Drei mutmaßliche Täter von Ameland gestehen. Es sind Jugendliche zwischen 14 und 16. “Die Betreuer machten wohl selbst Urlaub“.

Osnabrück/Ameland. Die Opfer hätten geschrien, seien unter ihre Betten gekrochen, hätten sich am Bett festgekrallt oder auch versucht, über eine Feuerleiter aus dem Schlafsaal zu fliehen. Was der Osnabrücker Oberstaatsanwalt Alexander Retemeyer gestern aus den bisherigen Ermittlungen schilderte, bestätigt die schlimmsten Befürchtungen über das, was sich in einem Ferienlager des Osnabrücker Sportbundes auf der niederländischen Insel Ameland abgespielt hat.

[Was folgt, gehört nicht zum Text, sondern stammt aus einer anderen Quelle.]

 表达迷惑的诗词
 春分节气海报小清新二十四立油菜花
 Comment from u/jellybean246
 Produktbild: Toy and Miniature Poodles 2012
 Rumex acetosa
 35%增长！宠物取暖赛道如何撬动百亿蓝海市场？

Drei Beschuldigte legten inzwischen Geständnisse ab . Die Jugendlichen im Alter von 14 bis 16 Jahren hätten die ihnen vorgeworfenen Taten in vollem Umfang eingeräumt. Ihnen werde Vergewaltigung, gefährliche Körperverletzung und schwerer sexueller Missbrauch vorgeworfen. Sie sollen in dem Ferienlager auf Ameland Kindern und Jugendlichen gewaltsam Gegenstände wie Colaflaschen und Besenstiele in den After gestoßen haben.

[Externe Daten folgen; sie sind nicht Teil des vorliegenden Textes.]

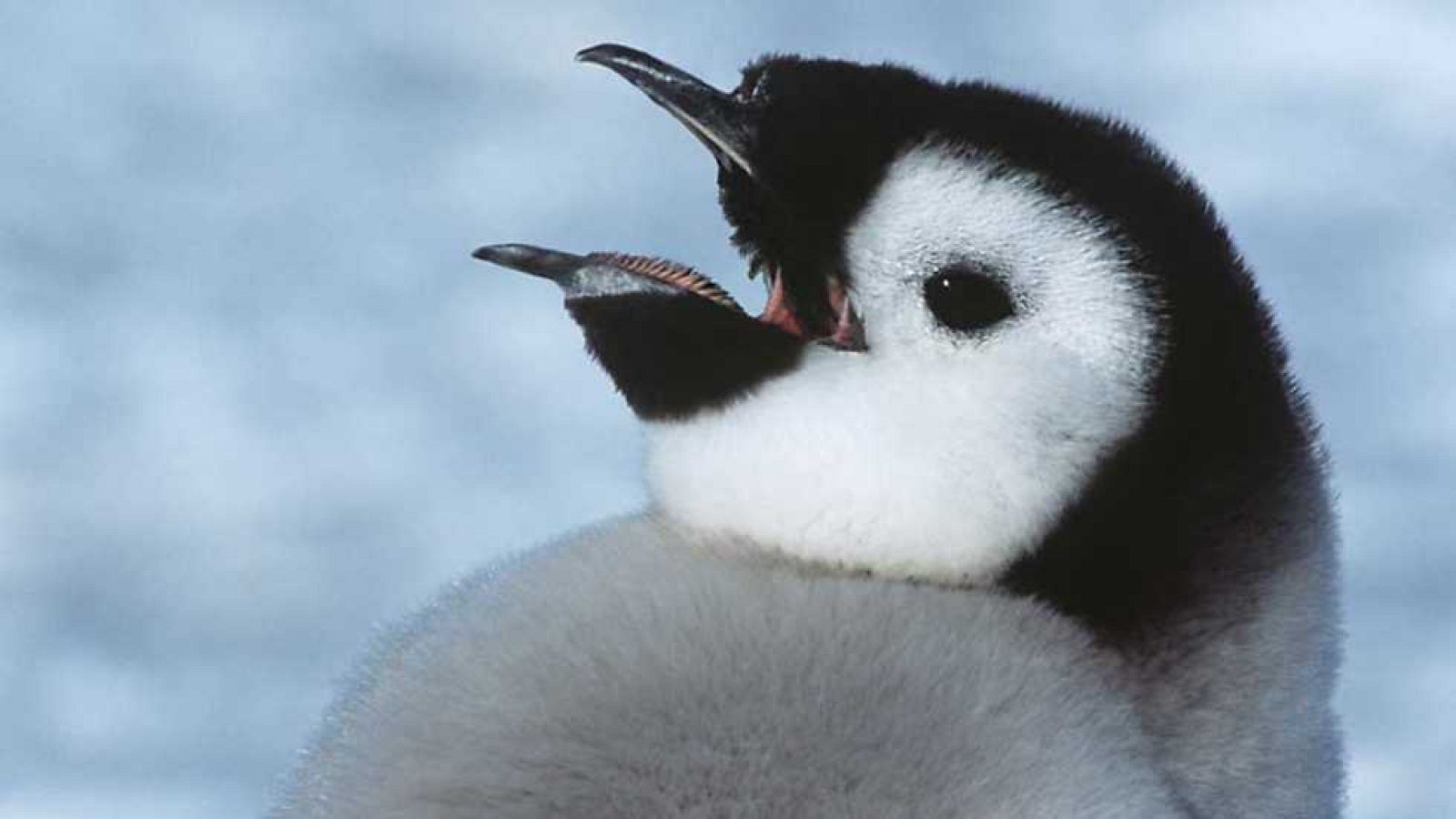Grandes documentales - Penny y Sommy - ver ahora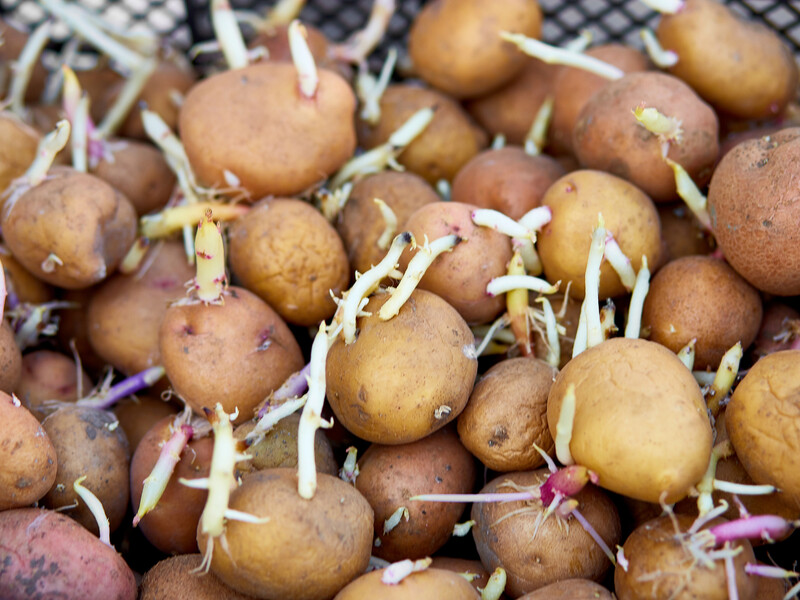 Что делать с картофелем, покрывшимся длинными побегами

Insgesamt kämen derzeit acht bis 13 Jugendliche im Alter von 14 bis 16 Jahren als Beschuldigte in Betracht, sagte Retemeyer. Man gehe von sechs Opfern im Alter von 13 und 14 Jahren aus, die zum Teil mehrfach missbraucht worden seien. Täter und Opfer seien im selben Schlafsaal untergebracht gewesen. Der Oberstaatsanwalt betonte, dass "jeder sexuelle Missbrauch, der mit dem Eindringen in den Körper verbunden ist, nach dem Gesetz eine Vergewaltigung ist". Das gelte auch, wenn der Täter mit einem Gegenstand in sein Opfer eindringe.

Von den insgesamt 40 dort einquartierten Jugendlichen habe die Polizei 25 vernommen. Die vierköpfige Ermittlungsgruppe wolle die Vernehmungen der Jugendlichen binnen zwei Wochen bis zum Ende der Schulferien in Niedersachsen abschließen, sagte Retemeyer. Danach müsse man durch weitere Ermittlungen klären, ob den Betreuern bei der Ferienfreizeit der Vorwurf der unterlassenen Hilfeleistung gemacht werden müsse.

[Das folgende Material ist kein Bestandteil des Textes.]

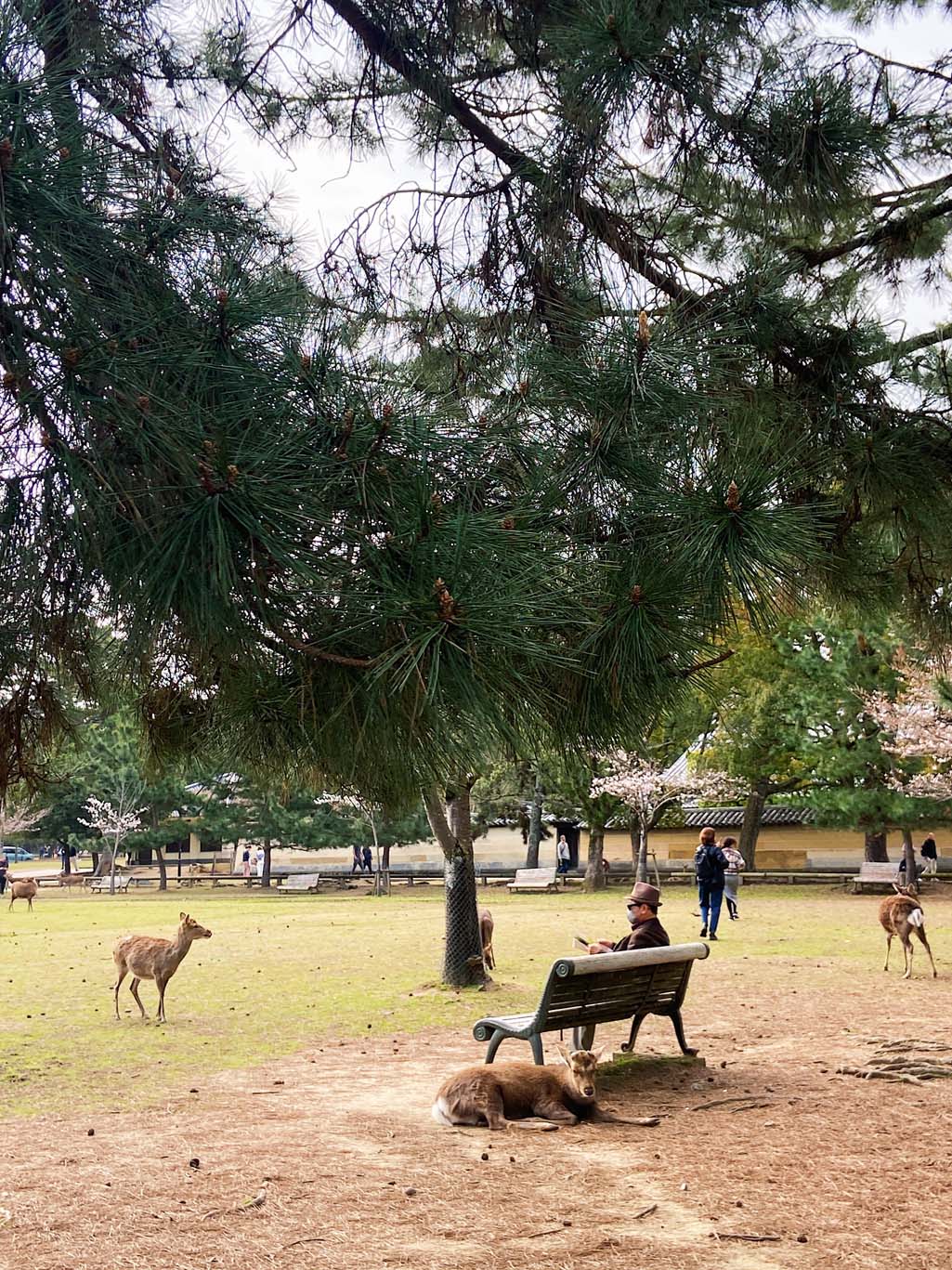Nara bezoeken in Japan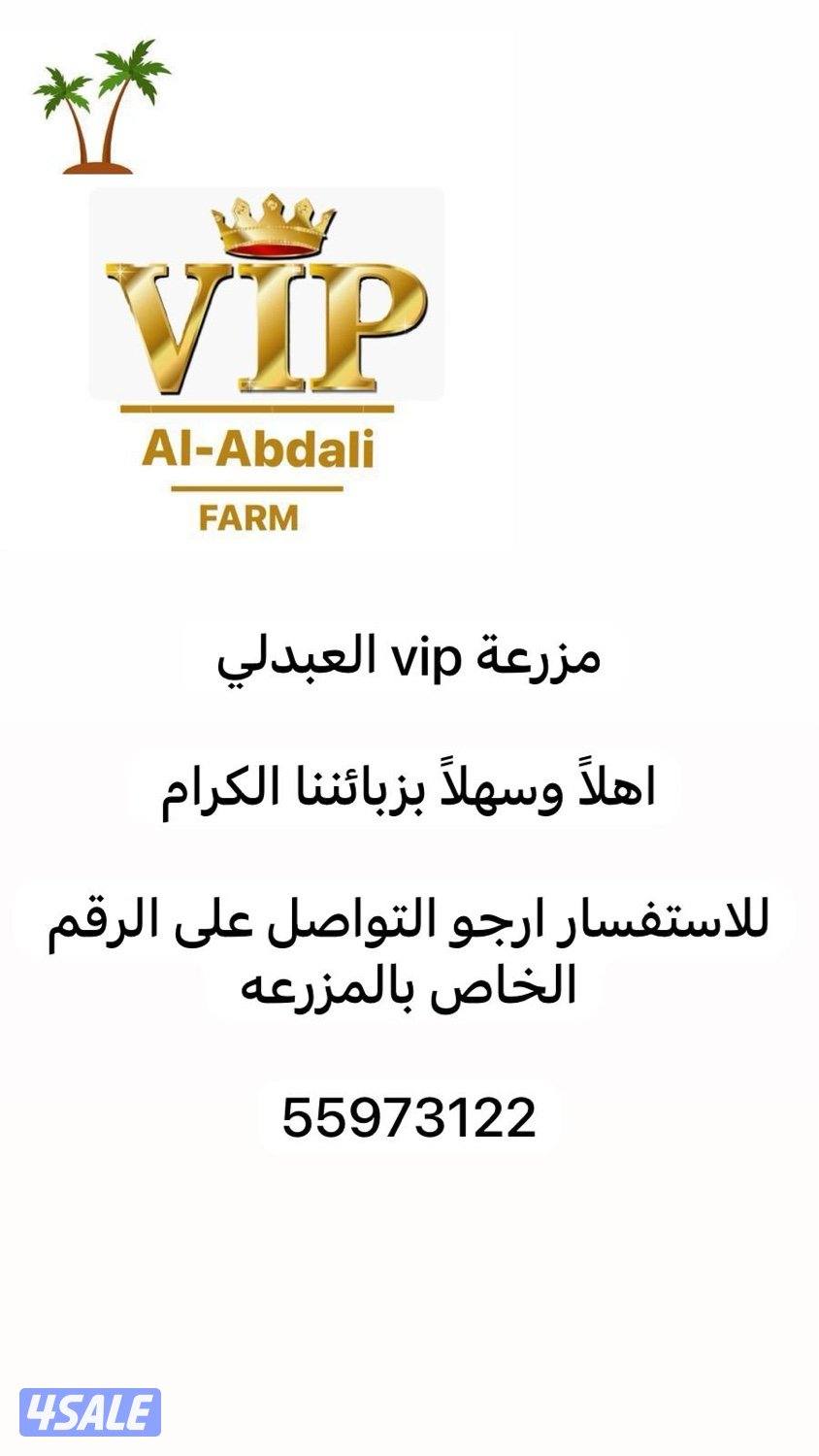 العبدلي كيلو 67 بالقرب من البانزين وجمعية القشعانيه2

Der Präsident des Deutschen Kinderschutzbundes, Heinz Hilgers, erklärt das Versagen der Betreuer damit, dass diese wohl selber Urlaub gemacht und deshalb die aggressive Stimmung unter den Teilnehmern des Ferienlagers nicht mitbekommen hätten.

Aber warum tun Jugendliche anderen Jugendlichen so etwas an? "Es geht den Tätern hauptsächlich um Demütigung ihrer Opfer", sagt Rudolf Egg, Leiter der Kriminologischen Zentralstelle in Wiesbaden. In Cliquen, die sich in Ferienlagern formen, entstehe schneller die Idee, Sexualität zu benutzen, um andere zu demütigen. Ein Ferienlager stellt Egg zufolge immer auch eine Ausnahmesituation dar. Die Eltern seien nicht vor Ort, um auf ihre Kinder aufzupassen, und die Betreuer könnten nicht jede Situation kontrollieren. "Wenn dann noch Alkohol und Drogen ins Spiel kommen, steigt die Lust nach dem Abenteuer und danach, andere zur Schnecke zu machen", erklärt der Professor weiter. Es gebe auch an Schulen Übergriffe, aber in Ferienlagern fielen diese oftmals heftiger und grausamer aus, weil die Kontrolle von außen geringer sei.